Often, these missed moments or life-saving revelations were the result 
of experience and noticing details that may have been overlooked, or 
were not in a provider's experience base. Technology can help solve 
this.
    A doctor can have a patient's entire medical history at hand 
without relying on the limitations of a patient's memory or self-
reporting. The availability of the complete medical record can allow 
the doctor to make a more informed diagnosis. That diagnosis can be 
checked by an impartial AI system that might see patterns missed in the 
rush of an emergency room visit on a busy day. User-generated 
information from health trackers can objectively report a patient's 
activity levels, sleep, and other vitals without having to rely on 
memory and self-reporting from patients who may be in crisis or less 
than one hundred percent. Amalgamated, de-identified patient data can 
be searched, and research populations identified, with big data tools 
in a fraction of the time as in the past by hand. There are benefits, 
but the benefits must balance the risks, and we must look at what may 
be possible in the future versus what we merely see as possible today.
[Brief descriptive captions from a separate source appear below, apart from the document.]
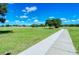 Well-maintained walking path through a lush recreational area, ideal for exercise and enjoying the scenic green space at 6213 Willet Ct, Lakewood Ranch, FL 34202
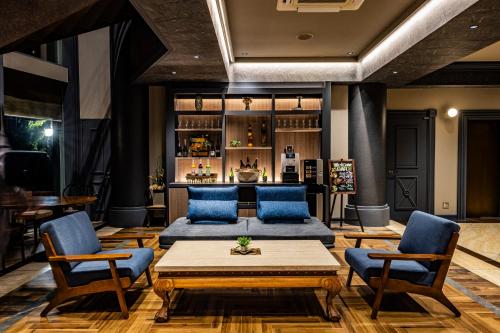 a living room with blue chairs and a table at Hotel Quest Shimizu in Shizuoka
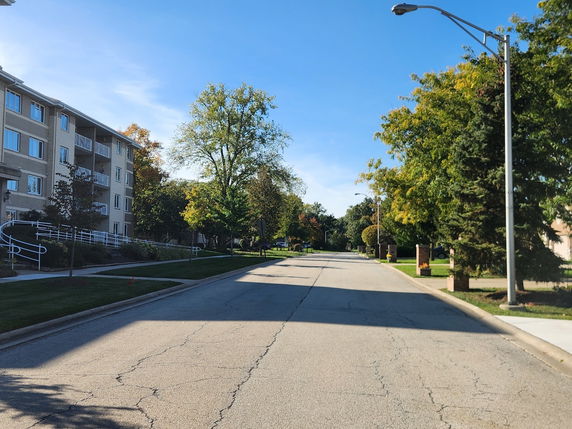Front view of a multi-story apartment building with balconies.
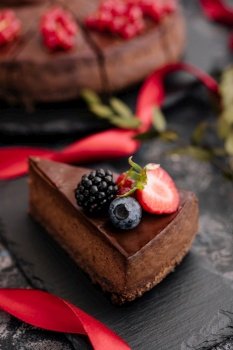 Delicious chocolate cake decorated with fresh berries on wooden table
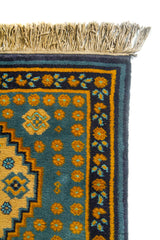 Detalle de esquina de alfombra con guarda azul oscuro, patrones geométricos y fondo azul suave con puntos ornamentales en tono dorado.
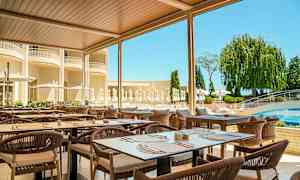 Utendørsrestaurant med bord og stoler under tak, omgitt av grønt og et basseng i bakgrunnen. (AI-generert tekst)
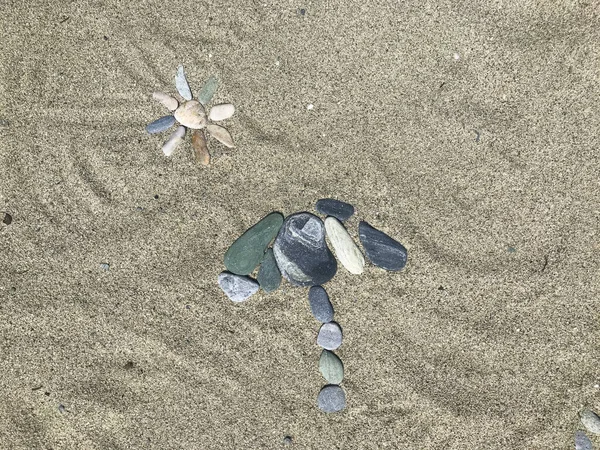 A composite image of small multicolor pebbles arranged on a sand beach show sun and parasol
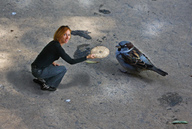 collage clothed jeans red_hair kneeling shrunken_woman bird black_top looking_at_viewer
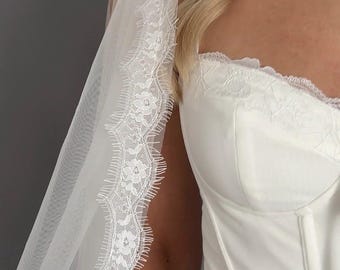 May include: A white corset top featuring a sweetheart neckline with delicate lace trim and a matching sheer veil with an intricate floral lace border. The corset includes vertical boning details and a tie-front closure at the center neckline.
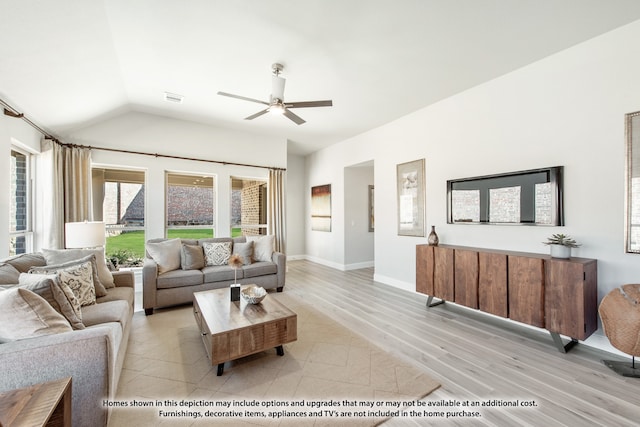 tiled living room featuring ceiling fan and vaulted ceiling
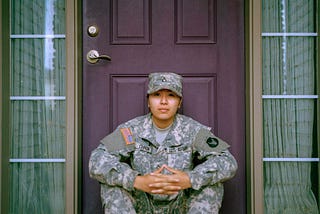 A woman soldier gazes pensively into the foreground from a doorway, where she is sitting and relaxing.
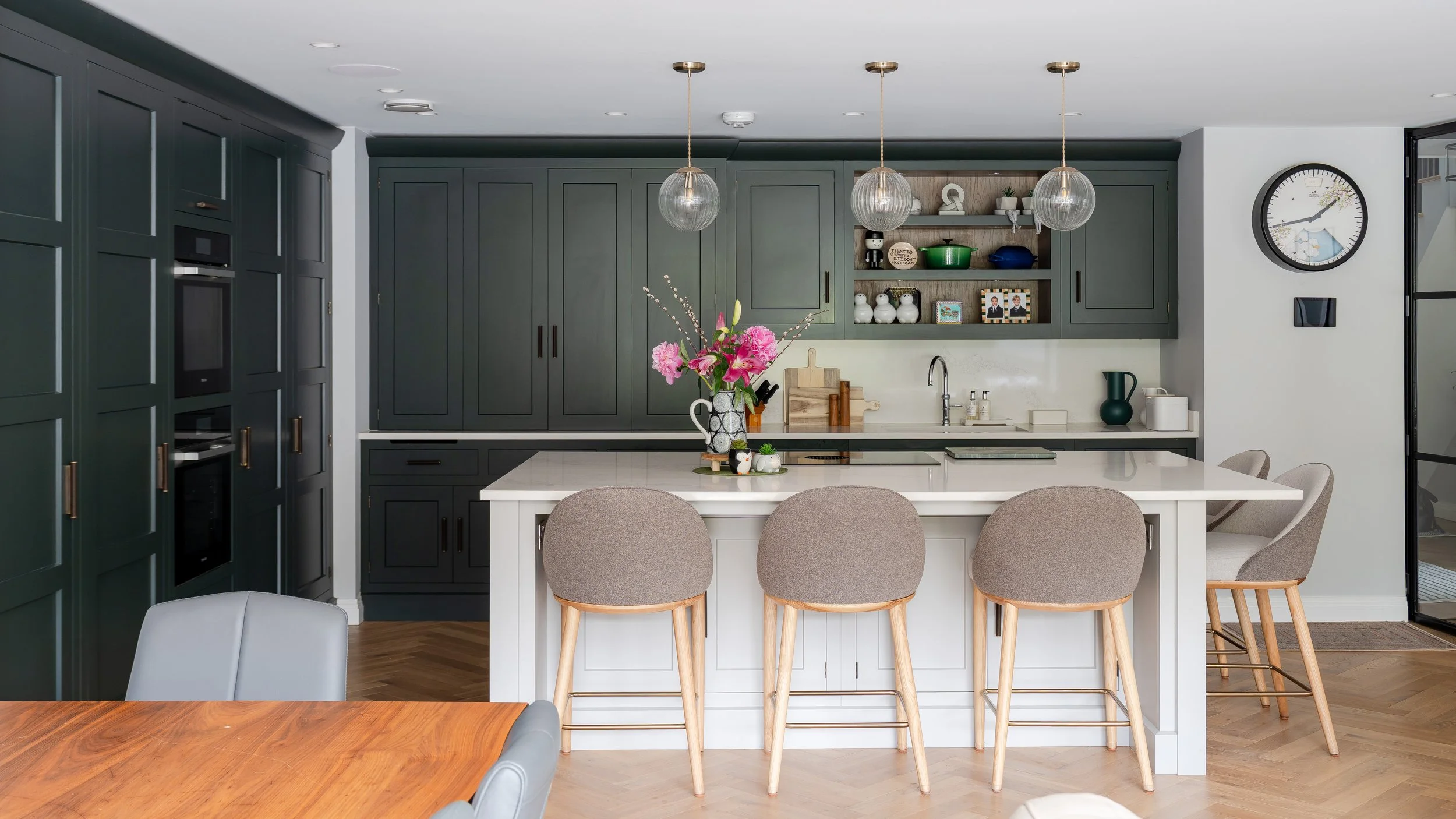    Extensive bespoke joinery has been incorporated throughout the home, creating elegant, tailor-made interiors that combine functionality with refined design. Premium timber flooring flows seamlessly through the living spaces, while a natural slate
    The laws governing privacy rights, particularly with electronic 
data, are more of a patchwork than a comprehensive whole. HIPAA was 
passed in 1996, in an era before big data when records were kept 
locally and on paper before today's computing power was available. For 
reference, Amazon was merely an online book seller and my Apple 
Macintosh LC 3 had a whopping 80 megabytes of memory. The VFW applauds 
this subcommittee for looking at this issue intently and, ever so 
importantly, with an eye to the effects from the perspective of 
veterans. As institutions that safeguard the rights for which our 
veterans fought, and as organizations that represent our veterans' best 
interests, we must ensure that privacy and security, or information, 
particularly health data, is paramount and that veterans remain in 
control.
    This concludes my statement. Thank you for your time and I look 
forward to answering any questions you may have.
                                 ______
                                 

               Prepared Statement of Harold F. Wolf, III

    Chairwoman Lee, Ranking Member Banks and Members of the 
Subcommittee--thank you for the opportunity to testify today on behalf 
of the Healthcare Information and Management Systems Society (HIMSS) on 
how to safely and securely manage veterans' health data.
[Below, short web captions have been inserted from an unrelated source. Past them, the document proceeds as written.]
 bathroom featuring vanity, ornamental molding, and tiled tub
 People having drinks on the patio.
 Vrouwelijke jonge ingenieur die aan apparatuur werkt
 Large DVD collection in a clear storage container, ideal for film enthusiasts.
    My name is Hal Wolf, and I am the President and Chief Executive 
Officer of HIMSS. I represent more than 80,000 members globally who are 
dedicated to transforming the health ecosystem through information and 
technology. As a mission-driven non-profit, HIMSS offers a unique depth 
and breadth of expertise in health innovation, public policy, workforce 
development, research and analytics to advise global leaders, 
stakeholders and influencers on best practices in health information 
and technology. Headquartered in Chicago, Illinois, HIMSS serves the 
global health information and technology communities with focused 
operations across North America, Europe, the United Kingdom, the Middle 
East and Asia Pacific.
    We appreciate the Committee holding today's hearing on ``Data 
Privacy and Portability at the VA: Protecting Veterans' Personal 
Data.'' Today's hearing around the role of Congress and the Department 
of Veterans Affairs in ensuring the confidentiality, integrity, 
security, interoperability, and availability of patient data reflects a 
larger conversation occurring across the healthcare ecosystem. Namely, 
as the significant investment in technological advancements in 
healthcare now allows us to capture and use data and the ensuing 
information it provides in unprecedented ways, to realize the full 
potential of that data to improve health outcomes, we must ensure the 
proper processes around privacy and security are in place to protect 
the patient's most sensitive data and information.
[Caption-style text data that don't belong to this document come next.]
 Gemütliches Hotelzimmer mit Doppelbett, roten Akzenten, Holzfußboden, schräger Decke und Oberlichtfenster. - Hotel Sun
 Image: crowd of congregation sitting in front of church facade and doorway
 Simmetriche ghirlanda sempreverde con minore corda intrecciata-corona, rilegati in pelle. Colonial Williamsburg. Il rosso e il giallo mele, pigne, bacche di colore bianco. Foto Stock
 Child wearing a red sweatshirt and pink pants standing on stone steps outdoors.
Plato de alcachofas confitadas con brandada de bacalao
    Before joining HIMSS, I served at The Chartis Group as Director; 
Practice Leader of Information and Digital Health Strategy, and prior 
to that I was Senior Vice President and Chief Operating Officer of 
Kaiser Permanente's The Permanente Federation. During this time, I was 
responsible for the development and implementation of critical care 
delivery strategies, data management and governance, population care 
management environments and the implementation of unique innovations 
and large-scale programs that impacted end-to-end operations. Critical 
to the innovations introduced within these functions was maintaining 
the security and protection of the confidential information entrusted 
to us by our patients. These responsibilities require the same 
vigilance in all systems undergoing strategic change.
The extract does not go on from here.